__WORK ITEM__: Every line from the one containing "Canada, Quebec, Mingan" to the one containing "Dasuquin Premium Joint" in the records below, both included, must be set down exactly, and no other line.

__DATA PROVIDED__:
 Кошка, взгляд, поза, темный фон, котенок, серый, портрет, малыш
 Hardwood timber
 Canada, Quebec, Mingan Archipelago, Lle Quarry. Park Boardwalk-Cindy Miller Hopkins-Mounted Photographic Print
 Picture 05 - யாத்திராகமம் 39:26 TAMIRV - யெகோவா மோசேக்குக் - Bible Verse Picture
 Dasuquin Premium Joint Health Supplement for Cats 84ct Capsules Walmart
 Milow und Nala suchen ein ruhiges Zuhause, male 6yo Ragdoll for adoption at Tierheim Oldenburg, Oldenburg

...

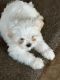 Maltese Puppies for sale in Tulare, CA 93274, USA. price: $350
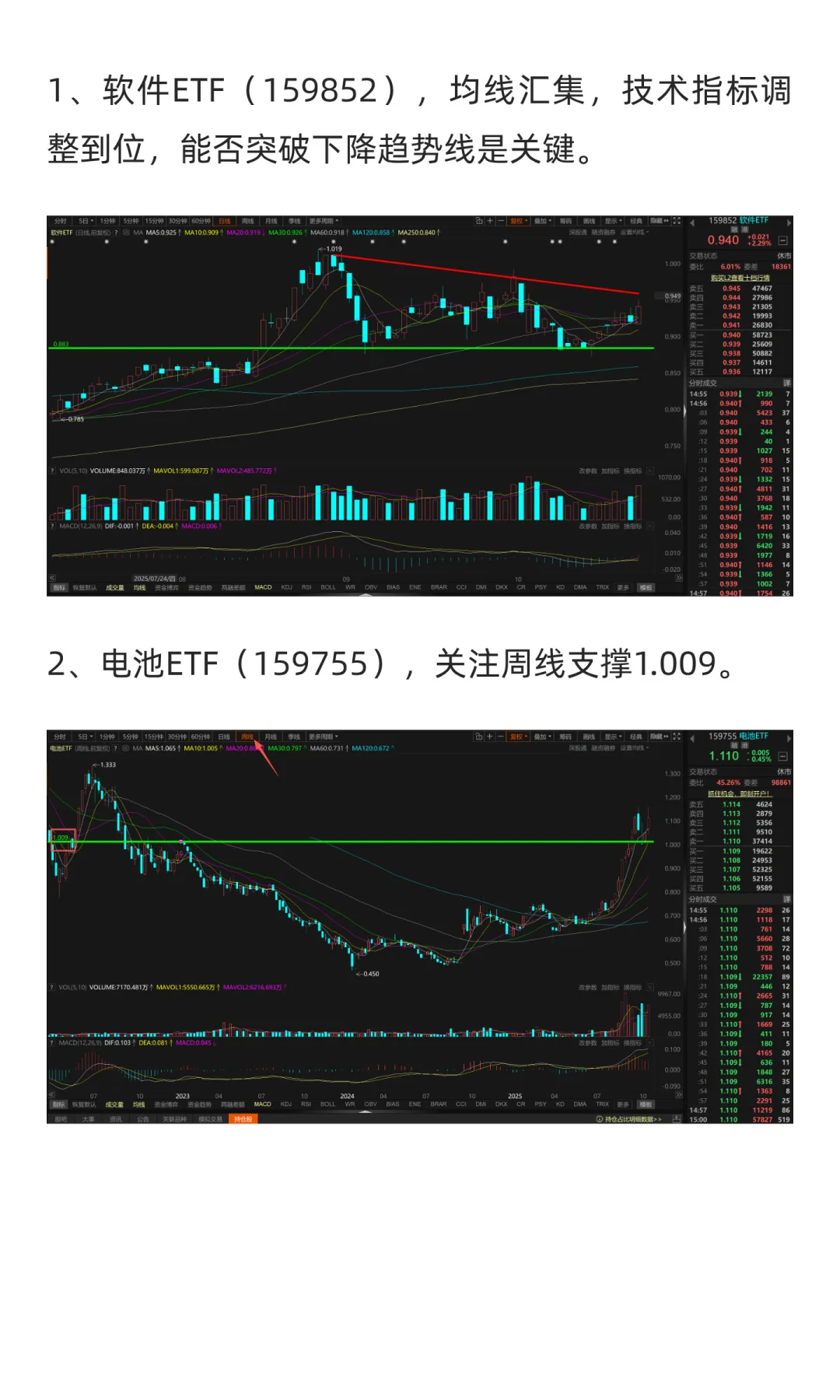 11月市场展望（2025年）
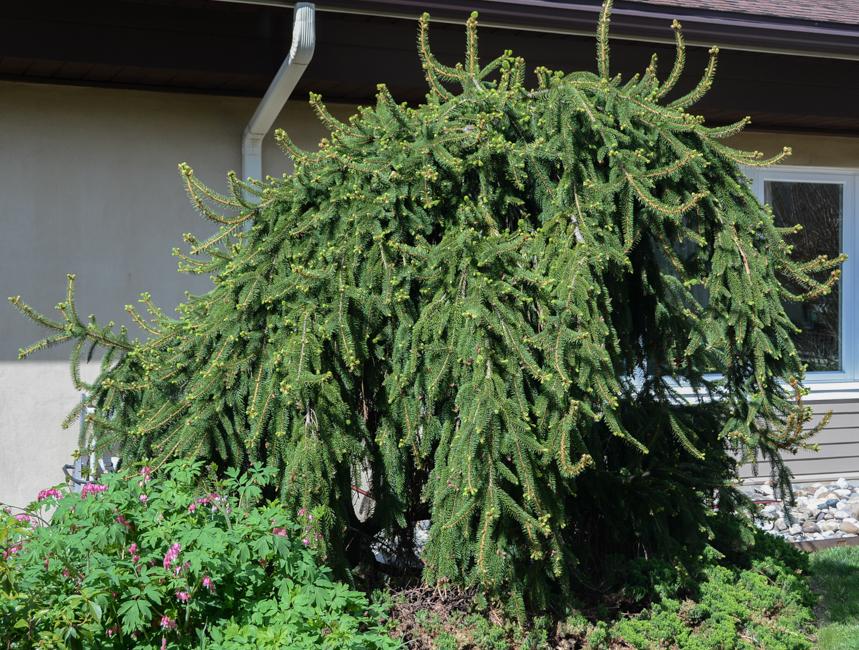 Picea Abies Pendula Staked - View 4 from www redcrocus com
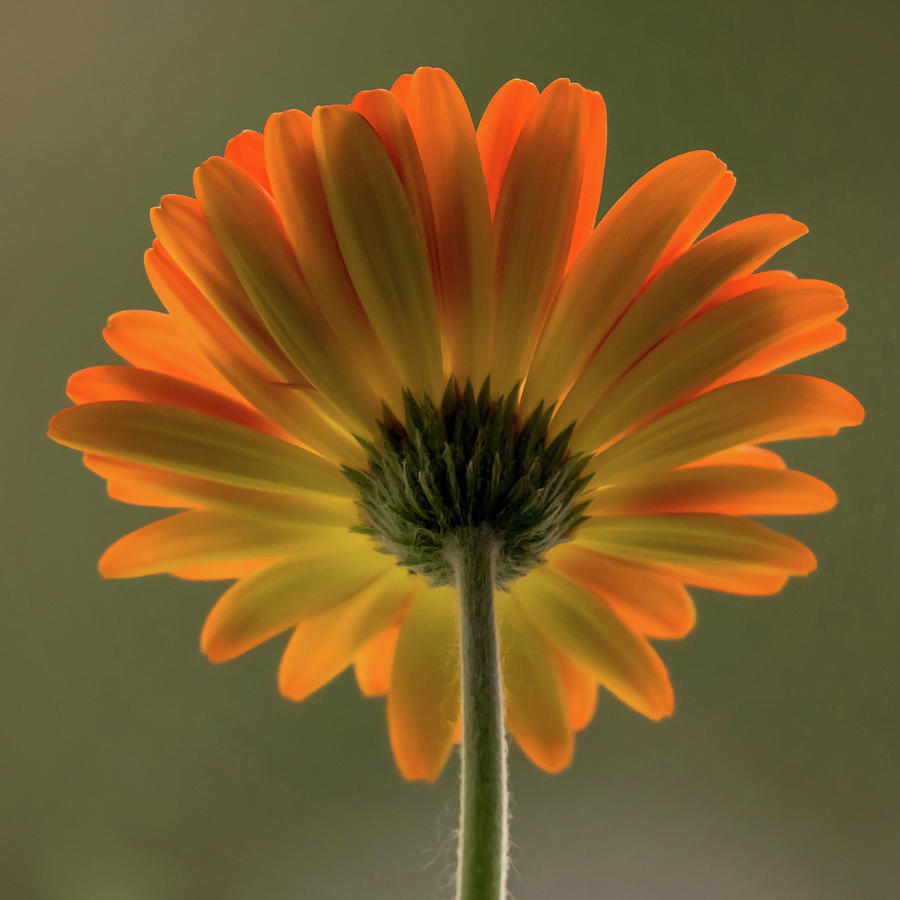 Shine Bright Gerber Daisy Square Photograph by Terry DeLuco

__OUTPUT OF THE TASK__:
 Canada, Quebec, Mingan Archipelago, Lle Quarry. Park Boardwalk-Cindy Miller Hopkins-Mounted Photographic Print
 Picture 05 - யாத்திராகமம் 39:26 TAMIRV - யெகோவா மோசேக்குக் - Bible Verse Picture
 Dasuquin Premium Joint Health Supplement for Cats 84ct Capsules Walmart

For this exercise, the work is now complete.